**Problem statement**.
Reproduce exactly the line that contains "Cloudy Zitzak Corduroy" and all lines that follow it in the records below, ending with the last one.

**Records for processing**.
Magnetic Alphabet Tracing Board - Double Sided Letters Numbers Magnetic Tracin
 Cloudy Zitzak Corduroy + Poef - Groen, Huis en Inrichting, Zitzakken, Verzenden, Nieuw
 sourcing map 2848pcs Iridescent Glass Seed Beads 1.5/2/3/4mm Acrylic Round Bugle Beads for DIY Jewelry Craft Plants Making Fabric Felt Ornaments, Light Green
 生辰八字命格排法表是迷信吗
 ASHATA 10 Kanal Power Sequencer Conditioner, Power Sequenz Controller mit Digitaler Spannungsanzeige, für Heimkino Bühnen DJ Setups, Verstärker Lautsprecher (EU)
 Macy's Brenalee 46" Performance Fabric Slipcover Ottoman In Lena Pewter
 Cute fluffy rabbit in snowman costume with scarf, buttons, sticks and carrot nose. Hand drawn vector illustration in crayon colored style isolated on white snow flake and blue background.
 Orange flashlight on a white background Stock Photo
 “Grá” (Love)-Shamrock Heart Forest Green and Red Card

**Solution to the problem**.
 Cloudy Zitzak Corduroy + Poef - Groen, Huis en Inrichting, Zitzakken, Verzenden, Nieuw
 sourcing map 2848pcs Iridescent Glass Seed Beads 1.5/2/3/4mm Acrylic Round Bugle Beads for DIY Jewelry Craft Plants Making Fabric Felt Ornaments, Light Green
 生辰八字命格排法表是迷信吗
 ASHATA 10 Kanal Power Sequencer Conditioner, Power Sequenz Controller mit Digitaler Spannungsanzeige, für Heimkino Bühnen DJ Setups, Verstärker Lautsprecher (EU)
 Macy's Brenalee 46" Performance Fabric Slipcover Ottoman In Lena Pewter
 Cute fluffy rabbit in snowman costume with scarf, buttons, sticks and carrot nose. Hand drawn vector illustration in crayon colored style isolated on white snow flake and blue background.
 Orange flashlight on a white background Stock Photo
 “Grá” (Love)-Shamrock Heart Forest Green and Red Card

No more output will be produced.